News of the discovery of the frozen sea which is the size of Earth's North Sea and appears similar to ice packs on Antarctica in photos made international science headlines on Tuesday.
Gibson, an American invited to join in the analysis of the ESA project, said "our perception has changed" because of the week's findings.
"The closest thing I can compare it to was when we had samples back from the moon," Gibson said. "This week we had good data back from Mars."
ESA's science director David Southwood said the quality of the results from the ESA project and the NASA rovers showed it was time for governments to sponsor a new mission to reach the planet's surface, and perhaps bring samples back to Earth.
"You don't go back to Mars on the cheap," he said, calling for funding. "No money, no mission."
The ESA probe, which cost $264 million, featured seven different projects including a chemical analysis of Mars' atmosphere measuring the amount of carbon dioxide, methane and other gases.
Further testing showed the existence of clay and gypsum deposits formed by water in the soil and indicated that up to 100 tons per day of matter is being blown off the planet into space by the solar wind.
A French group found that Mars's ozone layer is thinnest where water vapor is thickest, a finding with possible implications for Earth, where water vapor in the upper atmosphere is believed to be rising.
European Space Agency scientists think that there was and could even still be life on Mars and want a new European mission to the red planet to take samples, a conference heard on February 25, 2005 in Noordwijk, The Netherlands. This hand out image taken from the European Space Agency's Mars Express spacecraft shows the Martian north polar ice cap with layers of water, ice and dust for the first time in perspective view. This image shows cliffs which are almost two kilometers high, and the dark material in the caldera-like structures and dune fields could be volcanic ash. (ESA/Reuters)
This picture, taken by the European Space Agency's Mars Express in January 2004, shows a perspective view of a mesa in the Valles Marineris on Mars, the largest canyons in the solar system.(AFP/HO-ESA/File)

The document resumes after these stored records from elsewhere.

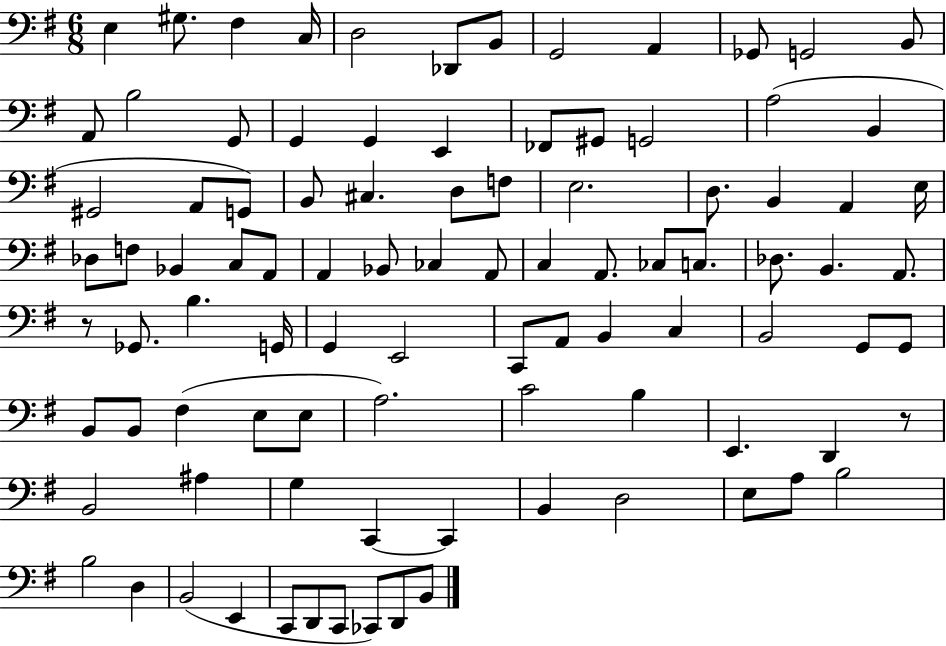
X:1
T:Untitled
M:6/8
L:1/4
K:G
E, ^G,/2 ^F, C,/4 D,2 _D,,/2 B,,/2 G,,2 A,, _G,,/2 G,,2 B,,/2 A,,/2 B,2 G,,/2 G,, G,, E,, _F,,/2 ^G,,/2 G,,2 A,2 B,, ^G,,2 A,,/2 G,,/2 B,,/2 ^C, D,/2 F,/2 E,2 D,/2 B,, A,, E,/4 _D,/2 F,/2 _B,, C,/2 A,,/2 A,, _B,,/2 _C, A,,/2 C, A,,/2 _C,/2 C,/2 _D,/2 B,, A,,/2 z/2 _G,,/2 B, G,,/4 G,, E,,2 C,,/2 A,,/2 B,, C, B,,2 G,,/2 G,,/2 B,,/2 B,,/2 ^F, E,/2 E,/2 A,2 C2 B, E,, D,, z/2 B,,2 ^A, G, C,, C,, B,, D,2 E,/2 A,/2 B,2 B,2 D, B,,2 E,, C,,/2 D,,/2 C,,/2 _C,,/2 D,,/2 B,,/2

Start packing, bring the ski's
Can we get a banner with Go Home, EUroweenies, instead. ;-0 LOL
LOL.. put some snow makers on those slopes and wow.
Gigantic Downhill racing. Yikes!
LOL.. 'scuttlebutt', well, wild conjecture anyway, is there are underground cities and an advanced civilization that we earthians may be descended from...
They're trying not to attract Michael Moore or Je$$e HiJackson's attention.
McDonalds is going to sell Green Martian Burgers?
"Wonder if the French could grow grapes here."
Lando
ROFL!
Another set of scientists want money to continue their explorations on a far away planet.
We're the New Galactic Order and nobody's sweetheart.
That's fine, but puts some close on why don't ya?
Awe jeez, clothes not close
Hey, didn't a lot of these left wing,tree hugging,socialistic,anti American,anti gun,pro big government, pro abortion maggots want to leave the country after Bush won the presidency? Wouldn't this be the perfect place for them?
I would gladly help them pack their bags, drive them to the Mars bound spaceship,light the fuse and wave good bye.
Twenty-five percent thought there might still be life on the planet.
And 25 percent have been classified as looney.
Why give it to the leftists? I'd go in a heartbeat! Somebody's tagline from a few years back on another forum: "The earth is our mother. Our nine months are up."
I'm sick of all this 'sample-taking' and all of these cutesy little robots that take miniscule samples that just leave everybody guessing anyways. It's time for the real thing. Time to get off of this water-logged rock.
My daughter is a senior, Hydrogeology major, at UT. She would be able to go to Mars and tell you if there was water there. But I won't let her go! She is on a geology field trip today. She has them about every weekend lately, out in the cold rain all day. I wonder if she wishes she had majored in home ec. or interior design, indoors jobs.